The background tension of the entire run of the show was the quest to get home. Could they keep the ship and crew intact? Could they find technological solutions to shorten their journey? And - to ask the most obvious question - would the ship make it back to Earth at the end of the show’s run? 

Despite this series of ‘autobiographies’ from Titan Books being about the most daring individuals in the history of the franchise, the books themselves are often curiously timid - and disastrously homogeneous. For instance, why don’t these autobiographies have titles? Can anybody believe that James T. Kirk or Kathryn Janeway would have innumerable adventures, reach the rank of admiral, and then not give their long-awaited autobiographies actual titles? 

Likewise the books themselves: the fact that two such fundamentally different characters as James Kirk and Jean-Luc Picard should sound as similar as they do in their respective volumes in this series is an indictment of the caution inherent in books vetted by corporations. Kirk, Picard, and Janeway are all, as Janeway puts it in this volume, “Starfleet to the core,” but they’re radically different individuals recounting radically different experiences - their books ought to sound a whole lot different than they do.

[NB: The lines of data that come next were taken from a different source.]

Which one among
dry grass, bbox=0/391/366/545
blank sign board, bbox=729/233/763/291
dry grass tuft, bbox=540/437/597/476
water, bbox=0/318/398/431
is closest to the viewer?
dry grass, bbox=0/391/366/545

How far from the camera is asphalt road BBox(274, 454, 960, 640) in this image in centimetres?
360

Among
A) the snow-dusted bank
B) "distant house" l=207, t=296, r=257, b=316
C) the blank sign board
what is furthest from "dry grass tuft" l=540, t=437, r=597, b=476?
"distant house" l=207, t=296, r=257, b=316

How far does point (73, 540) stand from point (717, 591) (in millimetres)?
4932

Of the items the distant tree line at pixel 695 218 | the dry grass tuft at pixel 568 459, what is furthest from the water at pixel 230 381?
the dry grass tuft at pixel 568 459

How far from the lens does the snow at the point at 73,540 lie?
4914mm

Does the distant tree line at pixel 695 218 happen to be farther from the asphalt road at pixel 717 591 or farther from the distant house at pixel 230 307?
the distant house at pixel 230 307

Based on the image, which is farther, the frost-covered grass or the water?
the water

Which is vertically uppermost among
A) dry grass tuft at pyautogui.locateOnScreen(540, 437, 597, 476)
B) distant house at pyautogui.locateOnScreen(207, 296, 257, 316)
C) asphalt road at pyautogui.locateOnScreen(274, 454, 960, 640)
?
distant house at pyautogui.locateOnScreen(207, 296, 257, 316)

The Janeway in McCormack’s book almost always gives the most anodyne summaries of her amazing experiences. She quotes and refers to many fictional characters and fictional works, but only works written three centuries before she was born (she hated all the contemporary fiction of her own time? One sympathizes, but it seems unlikely). Her assessments of her past and present crews sound more like official job evaluations than the reflections of a living legend with nobody left to impress. Her reflections too often read like promotional copy:

Harry Kim, struggling with homesickness and a first assignment that nobody should receive … B’Elanna Torres, trying to put aside her anger and find a way of life that used her passion and her intellect constructively. Tom Paris, who, with seventy thousand light-years between them, was finally able to live outside his father’s shadow and become his own man. Our Doctor, evolving every day beyond what his programming had ever anticipated. Chakotay, day-by-day coming back to his old life as a dedicated Starfleet officer. Even Tuvok, perhaps the most collected and stable of us all, had to find a way of living with the exigencies and irrationalities of our situation.

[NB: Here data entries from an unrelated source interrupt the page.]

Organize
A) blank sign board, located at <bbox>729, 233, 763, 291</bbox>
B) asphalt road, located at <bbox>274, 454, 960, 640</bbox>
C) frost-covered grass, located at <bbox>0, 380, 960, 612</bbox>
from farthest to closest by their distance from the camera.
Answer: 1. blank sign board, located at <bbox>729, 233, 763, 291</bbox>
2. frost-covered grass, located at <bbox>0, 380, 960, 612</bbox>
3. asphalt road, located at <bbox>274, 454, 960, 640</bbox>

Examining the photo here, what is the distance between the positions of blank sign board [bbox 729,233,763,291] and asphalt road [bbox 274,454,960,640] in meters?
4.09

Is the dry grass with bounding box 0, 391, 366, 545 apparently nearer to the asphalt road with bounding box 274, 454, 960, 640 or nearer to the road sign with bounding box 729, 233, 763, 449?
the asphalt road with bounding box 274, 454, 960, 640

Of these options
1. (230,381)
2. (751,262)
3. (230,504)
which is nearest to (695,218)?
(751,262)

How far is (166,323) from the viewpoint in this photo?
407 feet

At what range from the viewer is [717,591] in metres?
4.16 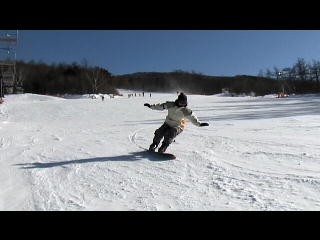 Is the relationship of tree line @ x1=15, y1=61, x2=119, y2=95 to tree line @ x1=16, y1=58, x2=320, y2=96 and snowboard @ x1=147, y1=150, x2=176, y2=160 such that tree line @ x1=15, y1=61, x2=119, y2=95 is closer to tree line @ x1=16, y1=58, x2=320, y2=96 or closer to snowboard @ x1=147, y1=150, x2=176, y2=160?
tree line @ x1=16, y1=58, x2=320, y2=96

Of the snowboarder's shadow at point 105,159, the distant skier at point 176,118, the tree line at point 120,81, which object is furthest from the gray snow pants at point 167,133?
the tree line at point 120,81

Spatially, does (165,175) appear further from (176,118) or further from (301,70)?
(301,70)

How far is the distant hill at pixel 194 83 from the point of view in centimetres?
8756

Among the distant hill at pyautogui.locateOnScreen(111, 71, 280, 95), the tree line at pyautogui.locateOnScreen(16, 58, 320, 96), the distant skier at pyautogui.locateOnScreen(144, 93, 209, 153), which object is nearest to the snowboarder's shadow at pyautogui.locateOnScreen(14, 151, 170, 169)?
the distant skier at pyautogui.locateOnScreen(144, 93, 209, 153)

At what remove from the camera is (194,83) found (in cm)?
10881

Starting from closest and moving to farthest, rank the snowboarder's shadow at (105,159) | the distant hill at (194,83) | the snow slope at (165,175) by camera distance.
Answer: the snow slope at (165,175)
the snowboarder's shadow at (105,159)
the distant hill at (194,83)

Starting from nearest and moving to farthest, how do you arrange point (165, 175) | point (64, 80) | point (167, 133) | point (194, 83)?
point (165, 175) → point (167, 133) → point (64, 80) → point (194, 83)

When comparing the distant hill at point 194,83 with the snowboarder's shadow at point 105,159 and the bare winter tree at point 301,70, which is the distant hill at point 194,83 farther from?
the snowboarder's shadow at point 105,159

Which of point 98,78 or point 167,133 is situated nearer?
point 167,133

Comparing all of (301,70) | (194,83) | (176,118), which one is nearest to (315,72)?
(301,70)

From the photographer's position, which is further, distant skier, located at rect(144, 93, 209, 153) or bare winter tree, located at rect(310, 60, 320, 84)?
bare winter tree, located at rect(310, 60, 320, 84)

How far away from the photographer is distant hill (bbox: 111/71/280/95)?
287 ft

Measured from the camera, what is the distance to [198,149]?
646 cm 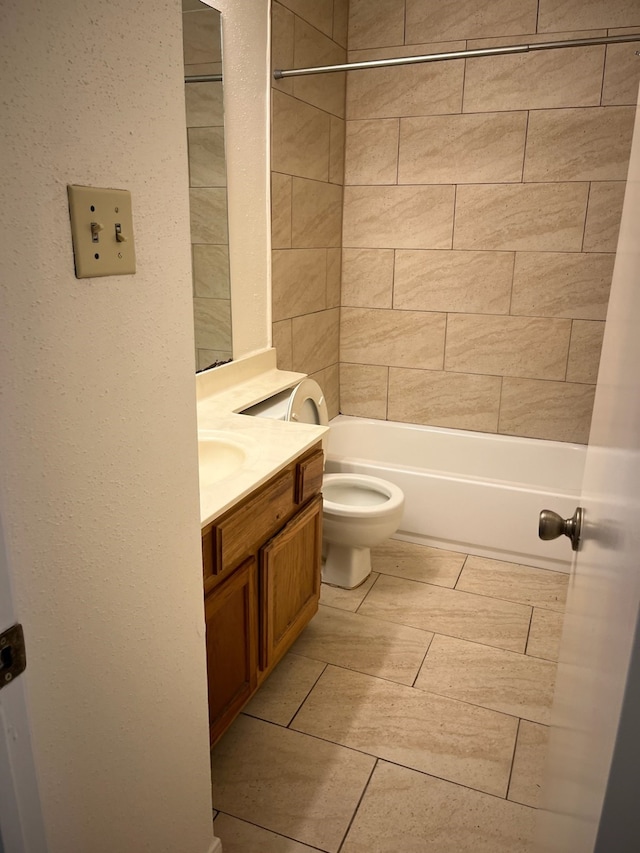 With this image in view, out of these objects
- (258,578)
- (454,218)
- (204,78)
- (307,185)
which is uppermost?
(204,78)

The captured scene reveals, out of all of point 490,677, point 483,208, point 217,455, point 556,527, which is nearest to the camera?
point 556,527

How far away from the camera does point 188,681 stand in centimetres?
132

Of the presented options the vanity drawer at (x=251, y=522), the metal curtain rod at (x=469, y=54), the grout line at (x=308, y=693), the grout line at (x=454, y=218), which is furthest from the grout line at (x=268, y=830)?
the grout line at (x=454, y=218)

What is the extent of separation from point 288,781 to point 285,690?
370mm

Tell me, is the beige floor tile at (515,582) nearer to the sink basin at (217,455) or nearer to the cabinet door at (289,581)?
the cabinet door at (289,581)

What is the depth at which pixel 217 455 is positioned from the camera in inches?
79.6

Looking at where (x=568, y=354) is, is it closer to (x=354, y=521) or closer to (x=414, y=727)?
(x=354, y=521)

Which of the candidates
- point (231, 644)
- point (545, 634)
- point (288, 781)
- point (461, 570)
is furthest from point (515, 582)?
point (231, 644)

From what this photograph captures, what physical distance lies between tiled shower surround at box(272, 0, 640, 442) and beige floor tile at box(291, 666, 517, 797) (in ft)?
5.10

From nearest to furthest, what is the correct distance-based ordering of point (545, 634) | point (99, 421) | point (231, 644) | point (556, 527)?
point (99, 421) → point (556, 527) → point (231, 644) → point (545, 634)

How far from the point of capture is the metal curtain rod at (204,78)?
225 centimetres

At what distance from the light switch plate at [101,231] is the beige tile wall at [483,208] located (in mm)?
1989

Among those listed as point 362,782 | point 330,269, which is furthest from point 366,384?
point 362,782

It’s true that McCormack follows this up with the single line “Damn, though - I wish Amelia had come on board” (referring to the fact that the ship encountered Amelia Earhart on the other side of the galaxy and she inexplicably refused to join their ongoing adventures), which the show’s fans will like. And there are other things to like in these pages, including McCormack’s decision to flesh out Janeway’s long friendship with Laurie Fitzgerald, the original ship’s doctor who’s killed in the first episode. Janeway’s relations with her family (particularly her strong-willed and outspoken mother) back on Earth are well-drawn, although even here, the main character can be maddeningly vague, something that can’t be said about either the show’s Kathryn Janeway or Kate Mulgrew, who so quickly came to embody her. 

There are little treats for fans of Voyager scattered throughout the text. At one point Janeway reflects, “Kes [a psychic early character who sometimes had visions of the future] warned us, in her last days, about a species named the Krenim; one reason why we elected to avoid entering their space,” adding: “I often wonder what might have happened had we chosen to go there.” Those long-time fans will smile at this allusion to “Year of Hell,” one of the best episodes of this or any other incarnation of Star Trek, in which Janeway and crew actually enter Krenim space and fight them for a brutal year, only to have a time-restructuring remove all evidence of it. Janeway wouldn’t remember those events, but fans will appreciate the nod.

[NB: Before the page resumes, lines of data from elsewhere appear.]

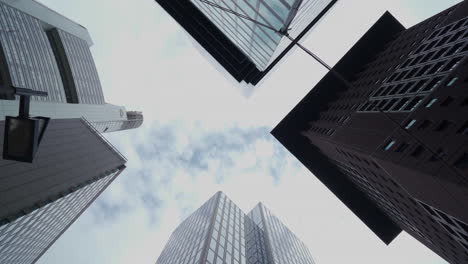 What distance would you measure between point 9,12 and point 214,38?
72233 millimetres

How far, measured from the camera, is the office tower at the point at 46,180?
141 ft

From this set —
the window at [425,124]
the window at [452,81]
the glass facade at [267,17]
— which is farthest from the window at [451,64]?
the glass facade at [267,17]

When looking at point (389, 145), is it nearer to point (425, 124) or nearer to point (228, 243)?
point (425, 124)

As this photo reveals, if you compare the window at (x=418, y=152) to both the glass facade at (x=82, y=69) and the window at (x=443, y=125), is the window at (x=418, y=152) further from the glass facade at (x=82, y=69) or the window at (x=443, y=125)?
the glass facade at (x=82, y=69)

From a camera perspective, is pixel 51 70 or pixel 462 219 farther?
pixel 51 70

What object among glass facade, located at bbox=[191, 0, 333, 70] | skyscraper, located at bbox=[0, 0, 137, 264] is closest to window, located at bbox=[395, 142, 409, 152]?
glass facade, located at bbox=[191, 0, 333, 70]

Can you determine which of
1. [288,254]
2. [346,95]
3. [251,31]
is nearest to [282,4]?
[251,31]

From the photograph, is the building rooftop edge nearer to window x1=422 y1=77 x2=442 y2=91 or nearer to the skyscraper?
the skyscraper

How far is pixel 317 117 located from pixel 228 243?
3739 cm

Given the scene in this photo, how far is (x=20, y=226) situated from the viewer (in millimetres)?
53844

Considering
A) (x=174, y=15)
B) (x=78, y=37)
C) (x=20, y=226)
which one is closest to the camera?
(x=174, y=15)

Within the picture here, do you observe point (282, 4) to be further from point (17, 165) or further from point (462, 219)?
point (17, 165)

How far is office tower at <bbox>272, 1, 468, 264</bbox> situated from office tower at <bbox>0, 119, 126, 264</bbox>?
47.2 m

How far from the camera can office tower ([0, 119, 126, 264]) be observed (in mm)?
43094
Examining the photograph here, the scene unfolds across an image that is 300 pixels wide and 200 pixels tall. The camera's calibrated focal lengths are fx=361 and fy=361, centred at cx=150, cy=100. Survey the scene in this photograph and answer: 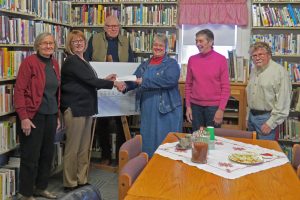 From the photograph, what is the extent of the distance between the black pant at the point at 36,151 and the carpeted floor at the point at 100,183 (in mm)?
284

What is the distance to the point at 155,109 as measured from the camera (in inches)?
138

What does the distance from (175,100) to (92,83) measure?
2.71ft

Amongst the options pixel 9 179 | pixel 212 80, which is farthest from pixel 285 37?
pixel 9 179

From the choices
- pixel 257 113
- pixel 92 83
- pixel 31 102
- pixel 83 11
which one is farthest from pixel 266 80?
pixel 83 11

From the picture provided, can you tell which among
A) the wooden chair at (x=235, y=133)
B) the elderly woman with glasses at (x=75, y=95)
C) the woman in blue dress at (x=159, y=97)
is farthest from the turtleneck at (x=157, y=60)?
the wooden chair at (x=235, y=133)

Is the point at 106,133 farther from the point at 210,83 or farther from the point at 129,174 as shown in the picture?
the point at 129,174

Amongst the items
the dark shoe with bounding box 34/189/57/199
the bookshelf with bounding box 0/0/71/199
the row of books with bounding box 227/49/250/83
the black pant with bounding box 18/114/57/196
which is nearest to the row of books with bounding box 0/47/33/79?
the bookshelf with bounding box 0/0/71/199

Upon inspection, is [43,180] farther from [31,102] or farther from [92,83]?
[92,83]

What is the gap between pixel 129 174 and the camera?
5.90ft

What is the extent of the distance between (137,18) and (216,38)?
Answer: 1.10 m

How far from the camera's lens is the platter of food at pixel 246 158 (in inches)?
81.1

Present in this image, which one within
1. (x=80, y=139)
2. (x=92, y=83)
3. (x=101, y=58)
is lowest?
(x=80, y=139)

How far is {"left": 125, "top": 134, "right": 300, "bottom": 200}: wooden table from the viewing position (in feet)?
5.28

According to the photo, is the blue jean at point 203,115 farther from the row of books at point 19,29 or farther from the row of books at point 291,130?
the row of books at point 19,29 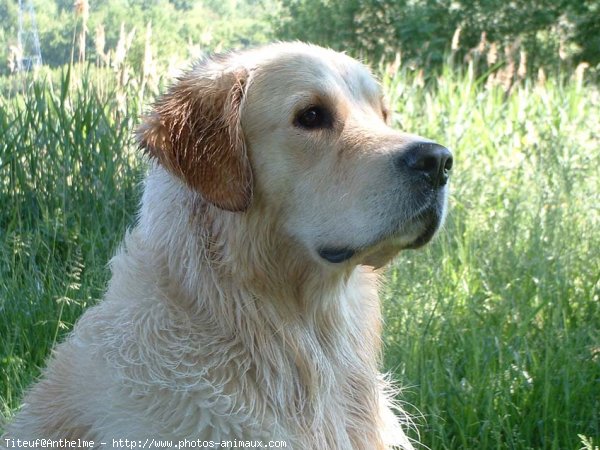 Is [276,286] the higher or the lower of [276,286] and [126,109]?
the higher

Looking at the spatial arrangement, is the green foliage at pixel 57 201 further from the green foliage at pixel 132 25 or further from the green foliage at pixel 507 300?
the green foliage at pixel 507 300

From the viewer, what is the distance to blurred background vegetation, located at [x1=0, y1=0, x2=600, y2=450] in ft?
12.4

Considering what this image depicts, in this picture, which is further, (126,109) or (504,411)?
(126,109)

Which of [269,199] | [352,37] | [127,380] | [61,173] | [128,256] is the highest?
[269,199]

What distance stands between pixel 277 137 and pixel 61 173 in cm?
283

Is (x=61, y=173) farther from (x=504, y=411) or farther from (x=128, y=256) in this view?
(x=504, y=411)

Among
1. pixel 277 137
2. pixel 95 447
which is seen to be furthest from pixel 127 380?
pixel 277 137

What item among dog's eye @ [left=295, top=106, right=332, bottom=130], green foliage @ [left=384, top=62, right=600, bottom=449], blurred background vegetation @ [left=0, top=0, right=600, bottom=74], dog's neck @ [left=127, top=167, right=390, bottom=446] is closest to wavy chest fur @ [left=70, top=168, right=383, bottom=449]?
dog's neck @ [left=127, top=167, right=390, bottom=446]

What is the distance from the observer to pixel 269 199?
2.86 meters

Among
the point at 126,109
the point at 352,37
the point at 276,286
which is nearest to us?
the point at 276,286

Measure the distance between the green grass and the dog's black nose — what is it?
4.03 ft

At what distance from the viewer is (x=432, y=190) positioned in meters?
2.76

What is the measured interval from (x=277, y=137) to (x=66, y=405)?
1159mm

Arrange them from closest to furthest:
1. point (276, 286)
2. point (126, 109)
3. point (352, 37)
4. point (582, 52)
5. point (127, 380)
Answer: point (127, 380) < point (276, 286) < point (126, 109) < point (582, 52) < point (352, 37)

It’s hard to avoid thinking those fans will want more than scattered nods from this book (it’s almost needless to add that most of this book will be all but incomprehensible to somebody who’s never watched the show). There will never be a Voyager reunion show or reboot; there will never be a Voyager movie, much less a string of them. Surely Paramount Pictures could relax their IP grip just a bit? Just enough to let the ‘editors’ of these autobiographies give them more of the passion and individuality that made viewers love these characters in the first place? 

When it comes to the big-name canonical TV Star Trek captains, they’ve got one more chance to do that. Here’s hoping Benjamin Sisko’s volume is more memorable than its predecessors.

Steve Donoghue is a founding editor of Open Letters Monthly. His book criticism has appeared in The Boston Globe, The Wall Street Journal, The Washington Post, and The American Conservative. He writes regularly for The National, The Vineyard Gazette, and The Christian Science Monitor. His website is http://www.stevedonoghue.com.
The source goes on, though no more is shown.